**Work task**
Could you reproduce the entries exactly, omitting every picture?

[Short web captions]

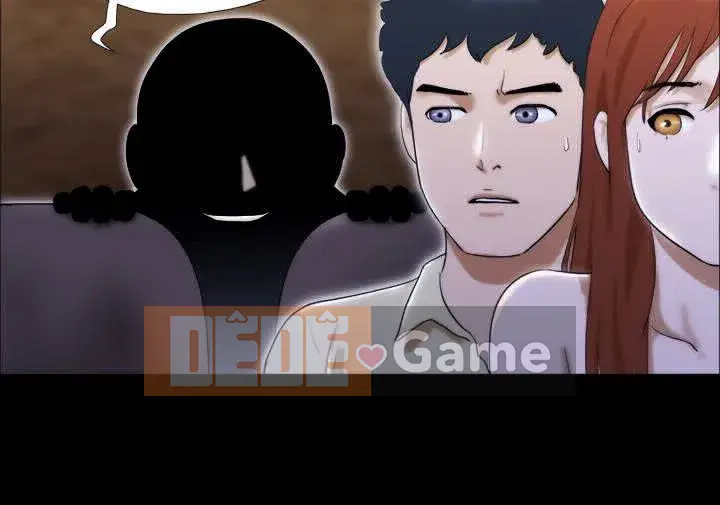 17 chương tưởng tượng tình dục Chương 1-63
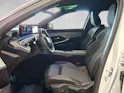 Peugeot 3008 e-Allure Premium AWD
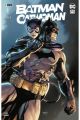 BATMAN CATWOMAN 1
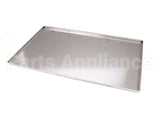 66222 Middleby Pan,Drip Ps636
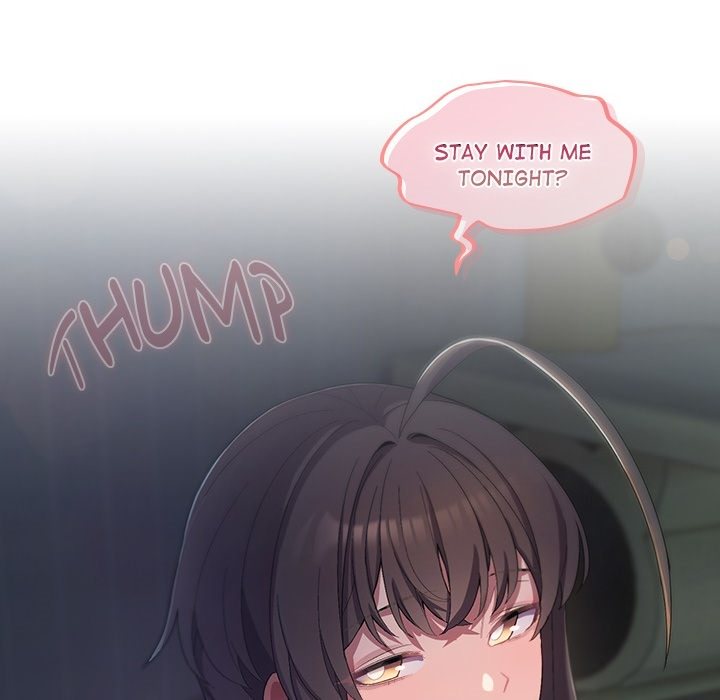 The Love Meowtchmaker Chapter 0 - Page 35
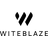 WITEBLAZE
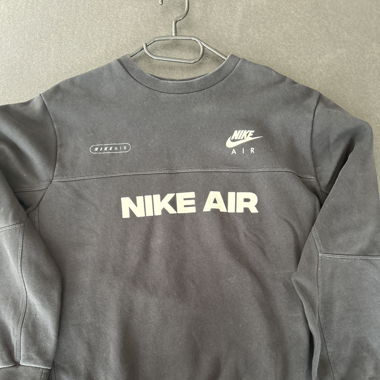 Pull Nike air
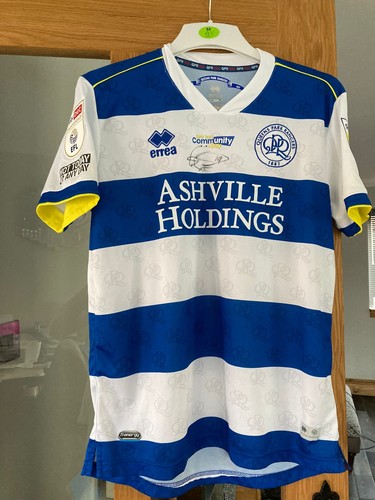 Match worn andre gray - ,, also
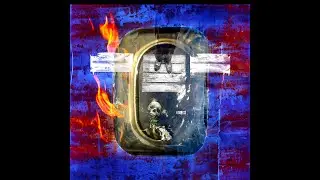 Quinn Allman - I Digress
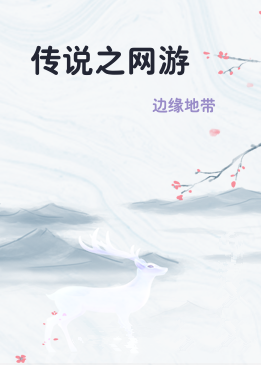 传说之网游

**Problem solution**
 17 chương tưởng tượng tình dục Chương 1-63
 Peugeot 3008 e-Allure Premium AWD
 BATMAN CATWOMAN 1
 66222 Middleby Pan,Drip Ps636
 The Love Meowtchmaker Chapter 0 - Page 35
 WITEBLAZE
 Pull Nike air
 Match worn andre gray - ,, also
 Quinn Allman - I Digress
 传说之网游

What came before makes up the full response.